Software requirements

CentOS 7/RHEL 64 bit Operating System.
Java SE Development Kit 8 or greater.

Create a User for Spark

As root, create a user called zookeeper.
$ useradd spark
Set its password.
$ passwd spark
Your ZooKeeper user is now ready. Log into it.
$ su - spark

Download the Apache Spark

Download the 2.0.0 release into user folder.
$ wget http://d3kbcqa49mib13.cloudfront.net/spark-2.0.0- bin-hadoop2.7.tgz
Unpack downloaded archive.
$ tar -zxvf spark-2.0.0- bin-hadoop2.7.tgz
$ cd spark-2.0.0- bin-hadoop2.7

Configure the Spark Server

Place a compiled version of Spark on each node of the cluster.
The simple cluster contains 1 master and 1 or more workers connected to the master node.
The following configuration options can be passed to the master and worker as argument when starting the service:

Argument	Meaning
`-h HOST, --host HOST`	Hostname to listen on
`-i HOST, --ip HOST`	Hostname to listen on (deprecated, use -h or –host)
`-p PORT, --port PORT`	Port for service to listen on (default: 7077 for master, random for worker)
`--webui-port PORT`	Port for web UI (default: 8080 for master, 8081 for worker)
`-c CORES, --cores CORES`	Total CPU cores to allow Spark applications to use on the machine (default: all available); only on worker
`-m MEM, --memory MEM`	Total amount of memory to allow Spark applications to use on the machine, in a format like 1000M or 2G (default: your machine’s total RAM minus 1 GB); only on worker
`-d DIR, --work-dir DIR`	Directory to use for scratch space and job output logs (default: SPARK_HOME/work); only on worker
`--properties-file FILE`	Path to a custom Spark properties file to load (default: conf/spark-defaults.conf)

High Availability

High Availability can be provided by standby masters with ZooKeeper.

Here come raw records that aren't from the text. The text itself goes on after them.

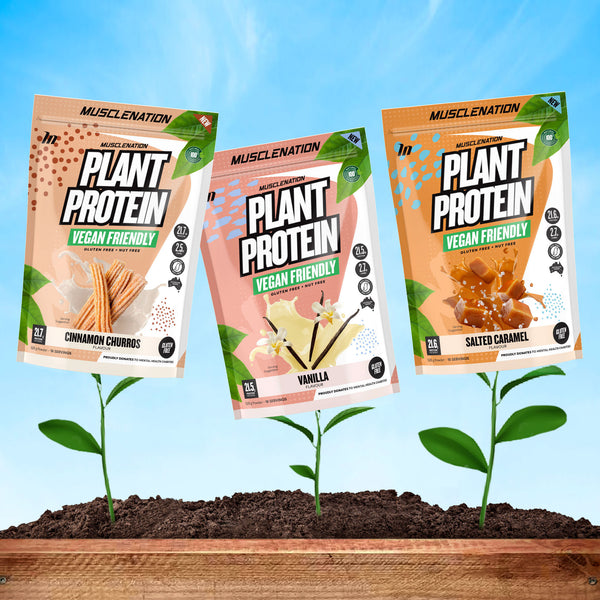 vegan protein powder online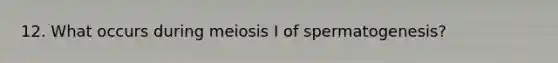 12. What occurs during meiosis I of spermatogenesis?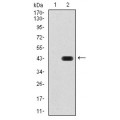 anti-HYAL1 antibody (Hyaluronidase-1) (N-Term)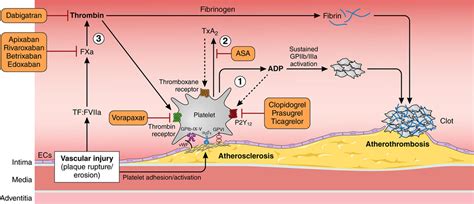 Combination Antiplatelet And Oral Anticoagulant Therapy In Patients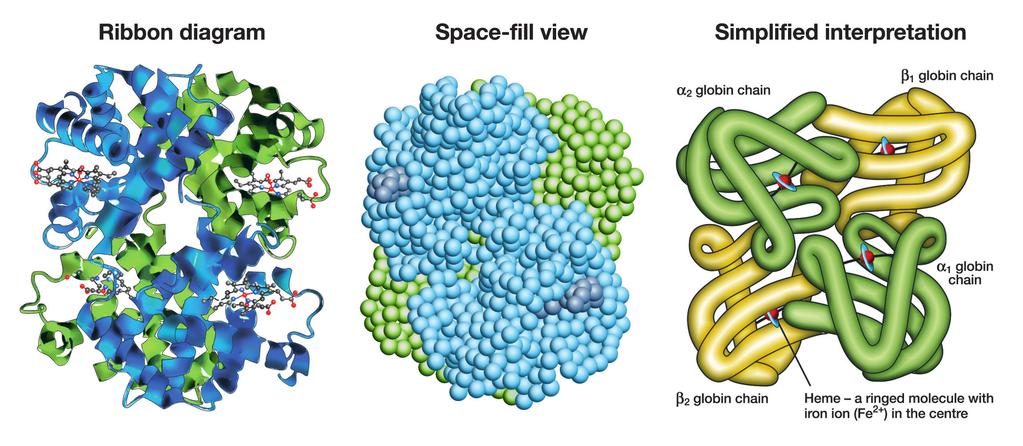 340. Proteins and Proteomics Figure 8 Three views of haemoglobin quaternary structure Proteomics Remember!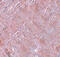 KIAA1464 antibody, 5665, ProSci, Immunohistochemistry paraffin image 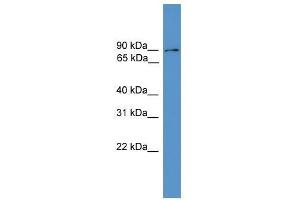 Clcn5 antibody used at 1. (Chloride Channel 5 antibody  (Middle Region))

Each master need to be connected to same ZooKeeper instance.

One will be elected “leader” and the others will remain in standby mode.

If the current leader dies, another Master will be elected, recover the old Master’s state, and then resume scheduling.

The entire recovery process (from the time the first leader goes down) should take between 1 and 2 minutes. (Note that this delay only affects scheduling new applications – applications that were already running during Master fail-over are unaffected.)

Start the ZooKeeper.
Create a configuration file ha.conf with the content as follows:

spark.deploy.recoveryMode=ZOOKEEPER spark.deploy.zookeeper.url=<zookeeper_host>:2181 spark.deploy.zookeeper.dir=/spark

Start the first Master server:

$ ./sbin/start-master.sh -h localhost -p 7077 --webui-port 8080 --properties-file ha.conf

Start the second Master server:

$ ./sbin/start-master.sh -h localhost -p 7077 --webui-port 8080 --properties-file ha.conf

Start a standalone Worker:

$ ./sbin/start-slave.sh spark://<master1>:7077,<master2>:7077

Start Spark shell.

$ ./bin/spark-shell --master spark://<master1>:7077,<master2>:7077

Wait till the Spark shell connects to an active standalone Master.
Find out which standalone Master is active (there can only be one). Kill it.
Observe how the other standalone Master takes over and lets the Spark shell register with itself.
Check out the master’s UI.
Optionally, kill the worker, make sure it goes away instantly in the active master’s logs.

Starting the Server

To start a standalone master server execute:

$ ./sbin/start-master.sh

To start one or more workers and connect them to the master via:

$ ./sbin/start-slave.sh <master-spark-URL>

Checking the Status

In order to check the status of the Spark cluster go to web UI interface with default port 8080 for master and 8081 for worker:

http://<serverHost>:8080/ http://<serverHost>:8081/